Percorrer este vale é a introdução perfeita à rota: um primeiro gole fresco e luminoso antes de adentrar o coração tinto do Chile.

Vale do Maipo

Rodeando a própria capital, o histórico Vale do Maipo é, sem exagero, o epicentro da vitivinicultura chilena. Fundado em meados do século XIX por vinícolas como Concha y Toro, Santa Rita e Cousiño Macul, este território de clima mediterrâneo e solos aluviais aos pés da cordilheira dos Andes fez do Cabernet Sauvignon sua casta rainha, acompanhada de expressões notáveis de Carménère, Merlot e Syrah.

No setor de Alto Maipo, a altitude e a proximidade andina proporcionam vinhos de taninos firmes e grande potencial de guarda, enquanto em direção ao Maipo Pacífico a influência costeira traz frescor.
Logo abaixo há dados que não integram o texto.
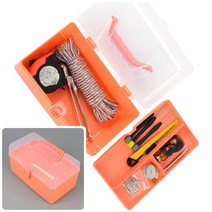 모아천일 휴대용 2단 소형 투명 다용도 공구함 이동식공구함 공구함추천 공구정리함 가정용공구함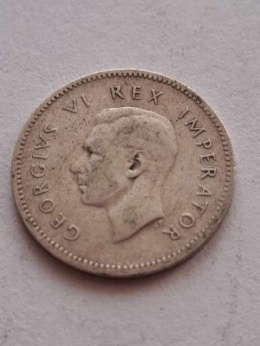 Suid Afrika 3 pensy Jerzy VI 1944 r
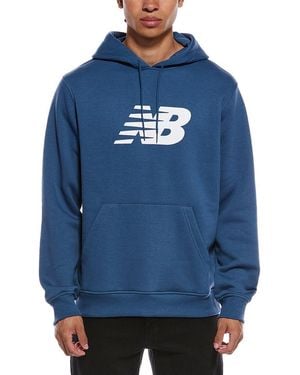 New Balance Sport Core Brushed Hoodie - Blue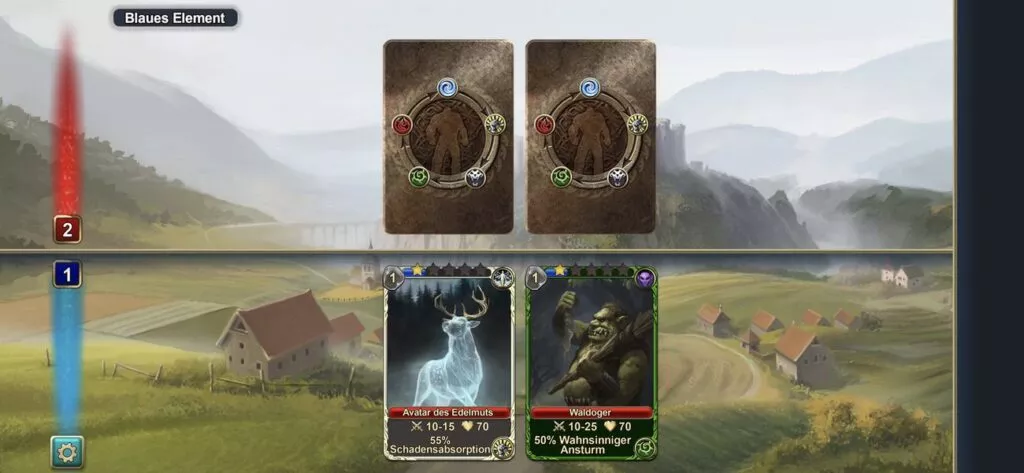 Ein neuer Kampf in Blood of Titans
Visitar vinícolas centenárias, algumas com arquitetura de mais de 150 anos, é também viajar pela própria história do país.

Vale de Colchagua e Cachapoal

Mais ao sul, o Vale de Colchagua ganhou o apelido de "a Napa chilena" graças a uma combinação irresistível de paisagens onduladas, vinícolas de arquitetura espetacular e alguns dos tintos mais premiados do país. No coração do vale, o microclima de Apalta, protegido por colinas que retêm o calor, produz o Carménère mais celebrado do Chile, casta de origem francesa redescoberta aqui depois de ser considerada extinta na Europa.

Rótulos como Clos Apalta, da Lapostolle, ou o emblemático Purple Angel, da Montes, são a máxima expressão deste terroir único.

Bem perto, o Vale de Cachapoal, menos conhecido mas igualmente promissor, divide o protagonismo do Cabernet Sauvignon e do Carménère, com vinícolas como a Altair, que combinam tecnologia de ponta e um profundo respeito pelo terroir.

Juntos, ambos os vales formam a região de Rapel, coração tinto e turístico da rota do vinho chilena, com a cidade de Santa Cruz como base ideal para explorá-los.

Vale de Curicó

Duzentos quilômetros ao sul de Santiago, o Vale de Curicó se destaca por uma diversidade de castas poucas vezes vista em um único território. Aqui chegou, em 1979, a família Torres, pioneira estrangeira a se instalar no Chile, que introduziu técnicas europeias de vinificação e impulsionou o prestígio da região com vinhos icônicos como o Manso de Velasco, um Cabernet Sauvignon de vinhas centenárias.

O vale combina o maior terreno de Sauvignon Blanc do país com variedades menos habituais como Riesling, Gewürztraminer e Torontel, além de tintos como Malbec e Carignan.

Sua condição de território diverso, entre planícies e encostas próximas aos Andes, o torna um destino ideal para quem busca surpresas além das castas mais conhecidas.

Vale do Maule

Encerrando o percurso rumo ao sul, o Vale do Maule é o guardião da memória vitivinícola chilena. É o vale mais extenso e um dos mais antigos do país, com parreirais de sequeiro que em alguns casos superam um século de vida, cultivados sem irrigação artificial graças a raízes que se aprofundam vários metros em busca de água.

Aqui ressurge com força a casta País, a primeira uva que chegou ao Chile em tempos coloniais, junto a um Carignan de caráter que encontrou no projeto VIGNO, uma associação de viticultores comprometidos com essas vinhas patrimoniais, sua melhor vitrine internacional.

O Cabernet Sauvignon e o Chardonnay completam uma oferta que combina tradição camponesa e uma nova geração de enólogos decididos a demonstrar que as vinhas mais antigas do Chile ainda têm muito a contar.